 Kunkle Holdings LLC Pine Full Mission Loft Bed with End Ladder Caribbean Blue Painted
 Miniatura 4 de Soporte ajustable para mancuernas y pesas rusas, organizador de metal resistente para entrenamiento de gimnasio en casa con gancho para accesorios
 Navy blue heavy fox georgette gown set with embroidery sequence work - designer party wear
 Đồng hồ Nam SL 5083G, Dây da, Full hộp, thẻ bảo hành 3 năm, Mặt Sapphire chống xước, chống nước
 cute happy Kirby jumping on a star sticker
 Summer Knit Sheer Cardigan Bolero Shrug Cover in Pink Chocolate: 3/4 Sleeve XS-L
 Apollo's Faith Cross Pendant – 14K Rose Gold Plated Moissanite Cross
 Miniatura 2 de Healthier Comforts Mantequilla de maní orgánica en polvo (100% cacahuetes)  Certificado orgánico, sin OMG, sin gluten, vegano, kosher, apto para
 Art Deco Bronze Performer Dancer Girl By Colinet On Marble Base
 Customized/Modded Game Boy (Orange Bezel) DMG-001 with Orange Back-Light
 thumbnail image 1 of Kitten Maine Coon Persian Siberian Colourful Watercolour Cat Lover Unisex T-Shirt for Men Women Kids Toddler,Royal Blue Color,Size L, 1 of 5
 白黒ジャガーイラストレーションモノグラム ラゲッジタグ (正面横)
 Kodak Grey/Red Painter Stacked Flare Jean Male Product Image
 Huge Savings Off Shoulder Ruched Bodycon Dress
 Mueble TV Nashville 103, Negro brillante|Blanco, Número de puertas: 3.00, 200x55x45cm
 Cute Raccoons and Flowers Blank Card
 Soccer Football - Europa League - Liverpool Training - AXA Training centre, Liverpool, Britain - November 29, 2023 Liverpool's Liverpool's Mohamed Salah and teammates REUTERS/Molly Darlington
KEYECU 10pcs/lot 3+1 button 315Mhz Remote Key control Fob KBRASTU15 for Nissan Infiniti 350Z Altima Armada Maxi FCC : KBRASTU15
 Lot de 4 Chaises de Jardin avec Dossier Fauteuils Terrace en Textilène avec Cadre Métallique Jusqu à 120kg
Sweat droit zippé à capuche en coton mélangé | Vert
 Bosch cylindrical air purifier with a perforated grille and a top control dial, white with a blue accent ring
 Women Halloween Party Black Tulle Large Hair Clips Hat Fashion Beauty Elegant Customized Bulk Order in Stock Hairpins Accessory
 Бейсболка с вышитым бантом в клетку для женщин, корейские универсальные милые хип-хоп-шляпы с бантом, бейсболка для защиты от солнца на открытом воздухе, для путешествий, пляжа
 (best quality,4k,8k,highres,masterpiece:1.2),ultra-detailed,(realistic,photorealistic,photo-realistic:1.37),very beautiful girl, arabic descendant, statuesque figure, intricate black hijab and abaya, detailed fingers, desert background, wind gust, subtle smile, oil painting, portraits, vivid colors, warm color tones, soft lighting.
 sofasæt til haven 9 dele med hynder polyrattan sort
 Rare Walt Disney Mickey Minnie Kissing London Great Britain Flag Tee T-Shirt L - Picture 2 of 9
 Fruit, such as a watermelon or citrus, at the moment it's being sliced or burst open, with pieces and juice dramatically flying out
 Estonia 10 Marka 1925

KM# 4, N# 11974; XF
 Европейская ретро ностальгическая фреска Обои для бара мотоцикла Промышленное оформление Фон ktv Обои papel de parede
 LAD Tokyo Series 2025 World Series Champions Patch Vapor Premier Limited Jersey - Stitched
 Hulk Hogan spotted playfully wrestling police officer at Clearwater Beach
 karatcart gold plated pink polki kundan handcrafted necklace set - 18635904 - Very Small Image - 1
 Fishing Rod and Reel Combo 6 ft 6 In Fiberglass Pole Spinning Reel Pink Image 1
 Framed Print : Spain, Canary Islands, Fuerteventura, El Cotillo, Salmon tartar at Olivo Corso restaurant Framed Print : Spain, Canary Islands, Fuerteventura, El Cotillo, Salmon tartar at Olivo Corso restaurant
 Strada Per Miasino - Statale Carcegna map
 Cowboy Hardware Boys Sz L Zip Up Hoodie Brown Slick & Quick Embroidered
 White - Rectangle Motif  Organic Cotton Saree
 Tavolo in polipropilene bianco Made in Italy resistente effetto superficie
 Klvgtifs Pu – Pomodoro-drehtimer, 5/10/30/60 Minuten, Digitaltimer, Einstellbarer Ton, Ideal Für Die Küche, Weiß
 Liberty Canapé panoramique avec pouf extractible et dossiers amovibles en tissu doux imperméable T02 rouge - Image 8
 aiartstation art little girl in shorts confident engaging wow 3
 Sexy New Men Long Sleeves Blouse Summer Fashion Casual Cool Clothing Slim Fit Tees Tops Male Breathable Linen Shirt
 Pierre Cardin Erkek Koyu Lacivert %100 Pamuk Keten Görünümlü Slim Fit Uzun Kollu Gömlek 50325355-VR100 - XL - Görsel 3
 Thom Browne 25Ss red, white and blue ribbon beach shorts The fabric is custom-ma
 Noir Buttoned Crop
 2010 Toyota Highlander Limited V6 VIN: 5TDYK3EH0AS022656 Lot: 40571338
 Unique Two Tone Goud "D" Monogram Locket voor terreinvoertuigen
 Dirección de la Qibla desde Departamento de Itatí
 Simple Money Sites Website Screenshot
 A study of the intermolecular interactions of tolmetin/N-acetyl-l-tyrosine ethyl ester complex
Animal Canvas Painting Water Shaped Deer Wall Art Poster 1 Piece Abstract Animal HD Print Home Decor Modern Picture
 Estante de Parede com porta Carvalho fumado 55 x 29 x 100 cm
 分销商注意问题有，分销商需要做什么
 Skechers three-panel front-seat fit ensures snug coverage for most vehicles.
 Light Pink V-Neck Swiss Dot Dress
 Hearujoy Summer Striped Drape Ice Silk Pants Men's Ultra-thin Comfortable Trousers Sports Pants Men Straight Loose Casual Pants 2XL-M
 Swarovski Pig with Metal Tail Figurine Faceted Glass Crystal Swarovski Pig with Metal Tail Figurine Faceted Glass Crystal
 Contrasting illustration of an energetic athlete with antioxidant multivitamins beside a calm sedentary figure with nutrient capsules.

####

[What to do]: All records shown above are to be output exactly.

[Response]:
 Kunkle Holdings LLC Pine Full Mission Loft Bed with End Ladder Caribbean Blue Painted
 Miniatura 4 de Soporte ajustable para mancuernas y pesas rusas, organizador de metal resistente para entrenamiento de gimnasio en casa con gancho para accesorios
 Navy blue heavy fox georgette gown set with embroidery sequence work - designer party wear
 Đồng hồ Nam SL 5083G, Dây da, Full hộp, thẻ bảo hành 3 năm, Mặt Sapphire chống xước, chống nước
 cute happy Kirby jumping on a star sticker
 Summer Knit Sheer Cardigan Bolero Shrug Cover in Pink Chocolate: 3/4 Sleeve XS-L
 Apollo's Faith Cross Pendant – 14K Rose Gold Plated Moissanite Cross
 Miniatura 2 de Healthier Comforts Mantequilla de maní orgánica en polvo (100% cacahuetes)  Certificado orgánico, sin OMG, sin gluten, vegano, kosher, apto para
 Art Deco Bronze Performer Dancer Girl By Colinet On Marble Base
 Customized/Modded Game Boy (Orange Bezel) DMG-001 with Orange Back-Light
 thumbnail image 1 of Kitten Maine Coon Persian Siberian Colourful Watercolour Cat Lover Unisex T-Shirt for Men Women Kids Toddler,Royal Blue Color,Size L, 1 of 5
 白黒ジャガーイラストレーションモノグラム ラゲッジタグ (正面横)
 Kodak Grey/Red Painter Stacked Flare Jean Male Product Image
 Huge Savings Off Shoulder Ruched Bodycon Dress
 Mueble TV Nashville 103, Negro brillante|Blanco, Número de puertas: 3.00, 200x55x45cm
 Cute Raccoons and Flowers Blank Card
 Soccer Football - Europa League - Liverpool Training - AXA Training centre, Liverpool, Britain - November 29, 2023 Liverpool's Liverpool's Mohamed Salah and teammates REUTERS/Molly Darlington
KEYECU 10pcs/lot 3+1 button 315Mhz Remote Key control Fob KBRASTU15 for Nissan Infiniti 350Z Altima Armada Maxi FCC : KBRASTU15
 Lot de 4 Chaises de Jardin avec Dossier Fauteuils Terrace en Textilène avec Cadre Métallique Jusqu à 120kg
Sweat droit zippé à capuche en coton mélangé | Vert
 Bosch cylindrical air purifier with a perforated grille and a top control dial, white with a blue accent ring
 Women Halloween Party Black Tulle Large Hair Clips Hat Fashion Beauty Elegant Customized Bulk Order in Stock Hairpins Accessory
 Бейсболка с вышитым бантом в клетку для женщин, корейские универсальные милые хип-хоп-шляпы с бантом, бейсболка для защиты от солнца на открытом воздухе, для путешествий, пляжа
 (best quality,4k,8k,highres,masterpiece:1.2),ultra-detailed,(realistic,photorealistic,photo-realistic:1.37),very beautiful girl, arabic descendant, statuesque figure, intricate black hijab and abaya, detailed fingers, desert background, wind gust, subtle smile, oil painting, portraits, vivid colors, warm color tones, soft lighting.
 sofasæt til haven 9 dele med hynder polyrattan sort
 Rare Walt Disney Mickey Minnie Kissing London Great Britain Flag Tee T-Shirt L - Picture 2 of 9
 Fruit, such as a watermelon or citrus, at the moment it's being sliced or burst open, with pieces and juice dramatically flying out
 Estonia 10 Marka 1925

KM# 4, N# 11974; XF
 Европейская ретро ностальгическая фреска Обои для бара мотоцикла Промышленное оформление Фон ktv Обои papel de parede
 LAD Tokyo Series 2025 World Series Champions Patch Vapor Premier Limited Jersey - Stitched
 Hulk Hogan spotted playfully wrestling police officer at Clearwater Beach
 karatcart gold plated pink polki kundan handcrafted necklace set - 18635904 - Very Small Image - 1
 Fishing Rod and Reel Combo 6 ft 6 In Fiberglass Pole Spinning Reel Pink Image 1
 Framed Print : Spain, Canary Islands, Fuerteventura, El Cotillo, Salmon tartar at Olivo Corso restaurant Framed Print : Spain, Canary Islands, Fuerteventura, El Cotillo, Salmon tartar at Olivo Corso restaurant
 Strada Per Miasino - Statale Carcegna map
 Cowboy Hardware Boys Sz L Zip Up Hoodie Brown Slick & Quick Embroidered
 White - Rectangle Motif  Organic Cotton Saree
 Tavolo in polipropilene bianco Made in Italy resistente effetto superficie
 Klvgtifs Pu – Pomodoro-drehtimer, 5/10/30/60 Minuten, Digitaltimer, Einstellbarer Ton, Ideal Für Die Küche, Weiß
 Liberty Canapé panoramique avec pouf extractible et dossiers amovibles en tissu doux imperméable T02 rouge - Image 8
 aiartstation art little girl in shorts confident engaging wow 3
 Sexy New Men Long Sleeves Blouse Summer Fashion Casual Cool Clothing Slim Fit Tees Tops Male Breathable Linen Shirt
 Pierre Cardin Erkek Koyu Lacivert %100 Pamuk Keten Görünümlü Slim Fit Uzun Kollu Gömlek 50325355-VR100 - XL - Görsel 3
 Thom Browne 25Ss red, white and blue ribbon beach shorts The fabric is custom-ma
 Noir Buttoned Crop
 2010 Toyota Highlander Limited V6 VIN: 5TDYK3EH0AS022656 Lot: 40571338
 Unique Two Tone Goud "D" Monogram Locket voor terreinvoertuigen
 Dirección de la Qibla desde Departamento de Itatí
 Simple Money Sites Website Screenshot
 A study of the intermolecular interactions of tolmetin/N-acetyl-l-tyrosine ethyl ester complex
Animal Canvas Painting Water Shaped Deer Wall Art Poster 1 Piece Abstract Animal HD Print Home Decor Modern Picture
 Estante de Parede com porta Carvalho fumado 55 x 29 x 100 cm
 分销商注意问题有，分销商需要做什么
 Skechers three-panel front-seat fit ensures snug coverage for most vehicles.
 Light Pink V-Neck Swiss Dot Dress
 Hearujoy Summer Striped Drape Ice Silk Pants Men's Ultra-thin Comfortable Trousers Sports Pants Men Straight Loose Casual Pants 2XL-M
 Swarovski Pig with Metal Tail Figurine Faceted Glass Crystal Swarovski Pig with Metal Tail Figurine Faceted Glass Crystal
 Contrasting illustration of an energetic athlete with antioxidant multivitamins beside a calm sedentary figure with nutrient capsules.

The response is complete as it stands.